------ Records supplied ------

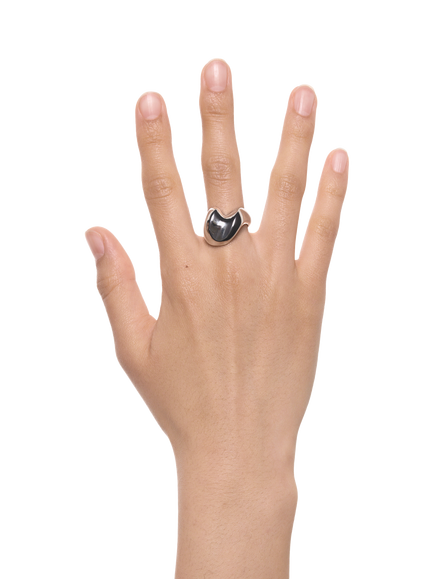 Maria Black Palomino Ring, Silver - view 2, Silver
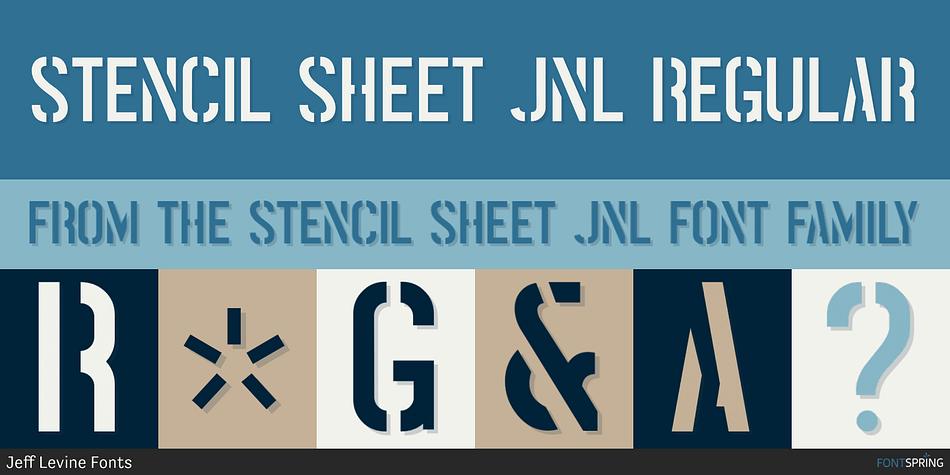 Stencil Sheet JNL Regular Font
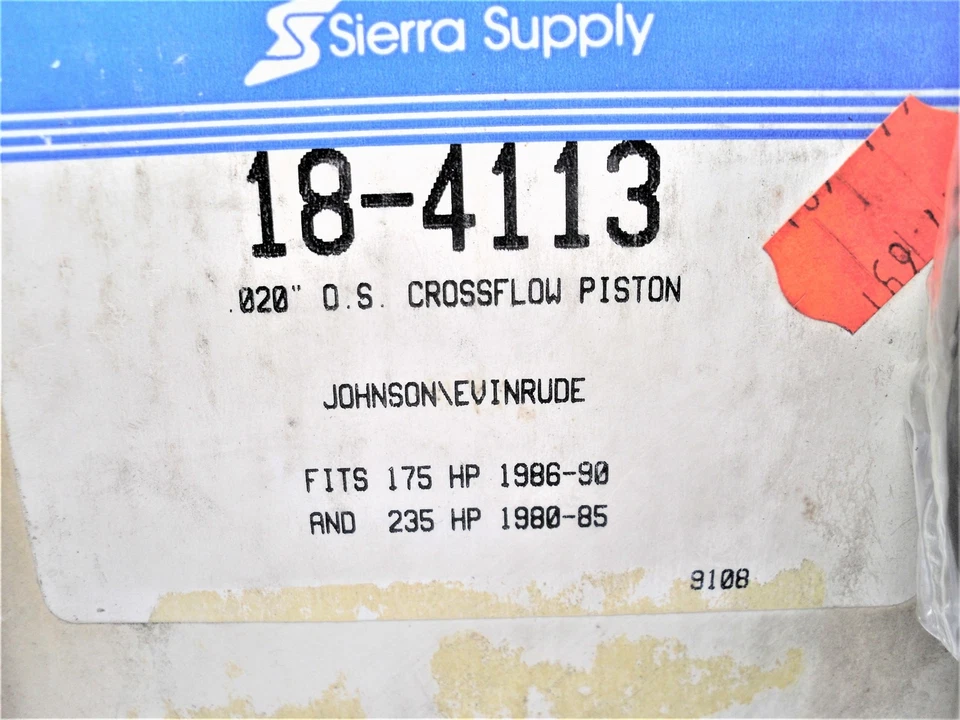 Sierra 18-4113 Johnson Evinrude OMC Sea Drive Piston Kit *REPLACES 439012*NEW* - Image 1 of 4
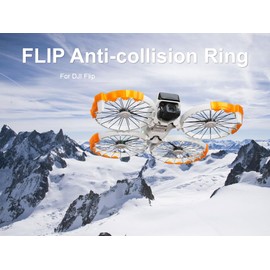 Propeller Guard Protective Ring for DJI Flip Anti-Collision Prop Bumper Ring Impact Protectors Propellers Anti-scratch Drone Accessories TPU Material (Red)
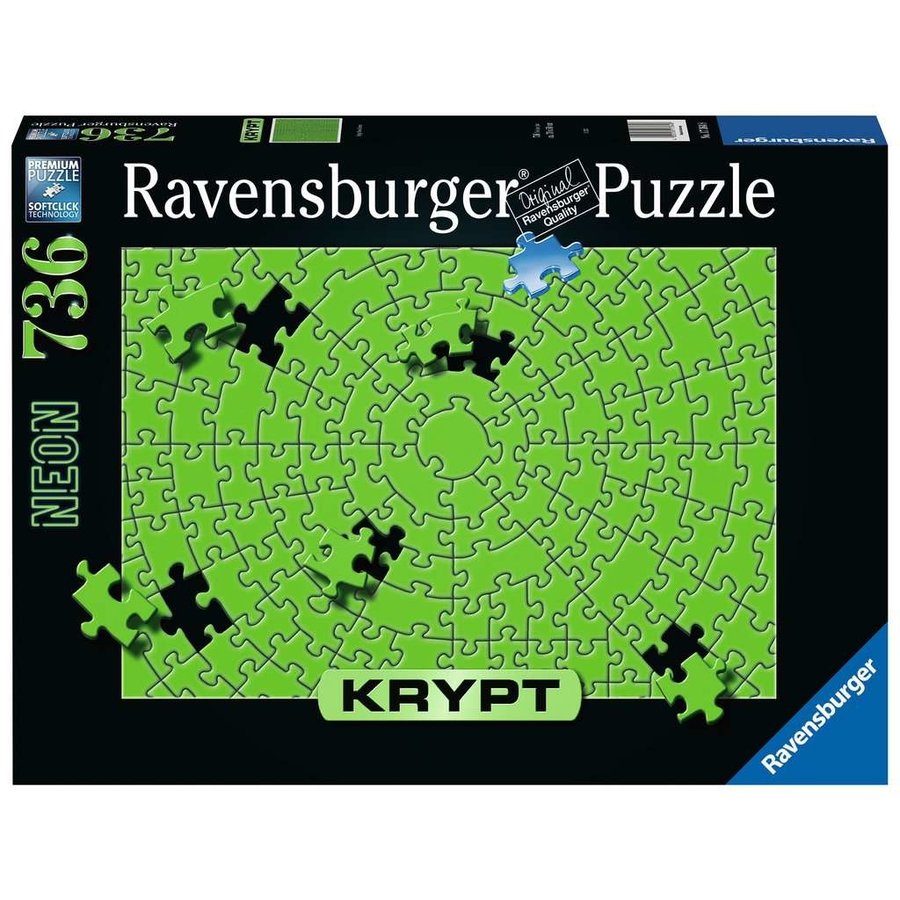 Krypt - Neon Groen - puzzel van 736 stukjes-1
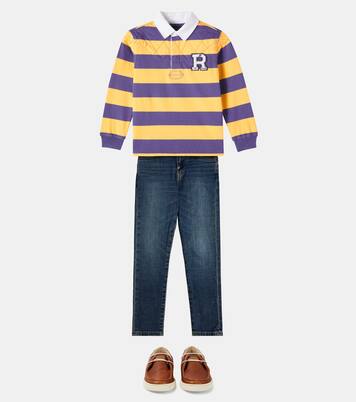 Striped cotton jersey polo shirt | Polo Ralph Lauren Kids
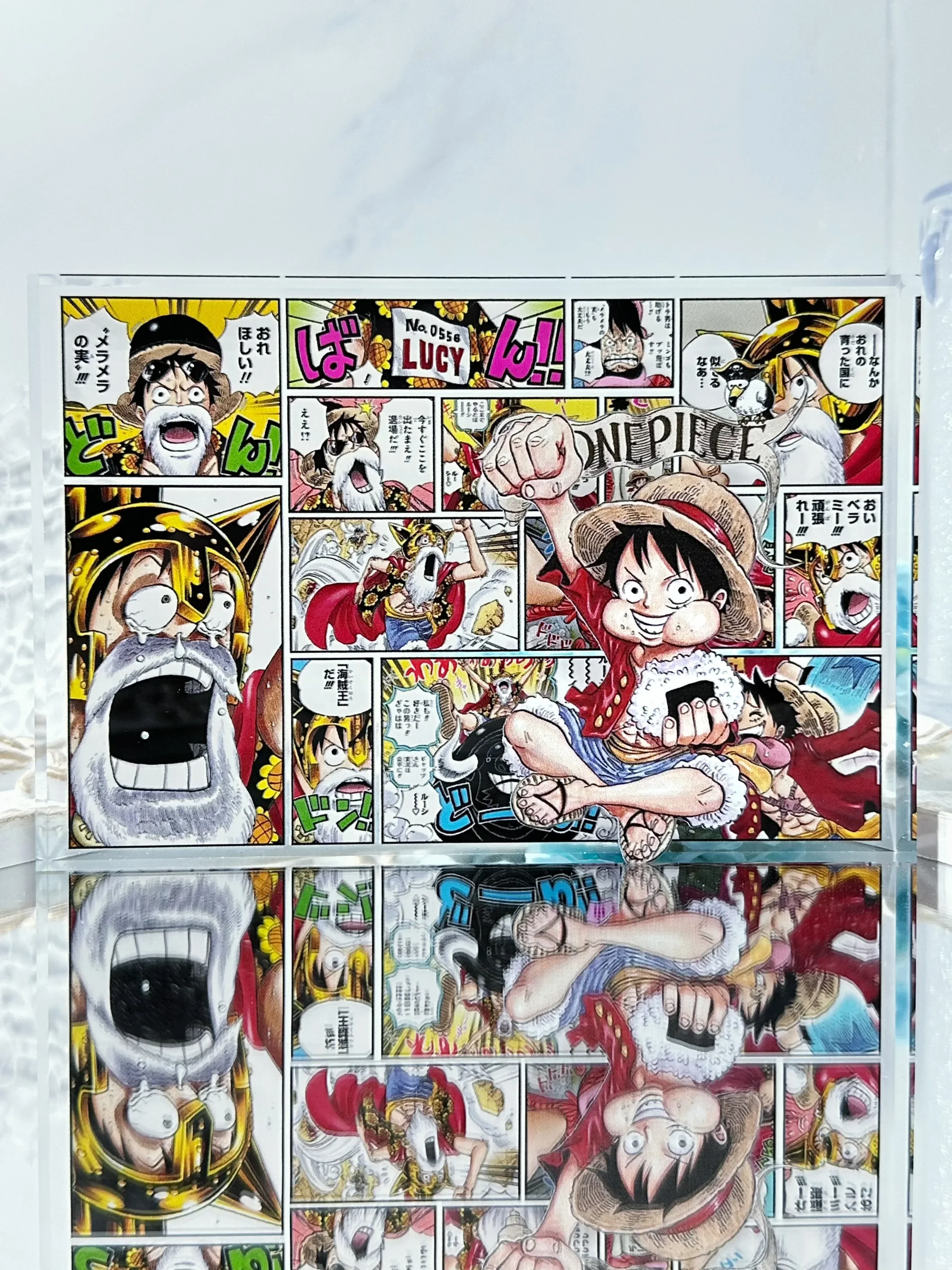 Support en acrylique One Piece, périphérique Monkey D. Briques acryliques personnalisées Luffy Nico C.Anime, haute transparence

------

**Work instructions**. Copy verbatim the span that opens at the line with "Striped cotton jersey" and closes at the final line of the listing. Do not carry over any pictures.

**Result of this exercise**.
 Striped cotton jersey polo shirt | Polo Ralph Lauren Kids
 Support en acrylique One Piece, périphérique Monkey D. Briques acryliques personnalisées Luffy Nico C.Anime, haute transparence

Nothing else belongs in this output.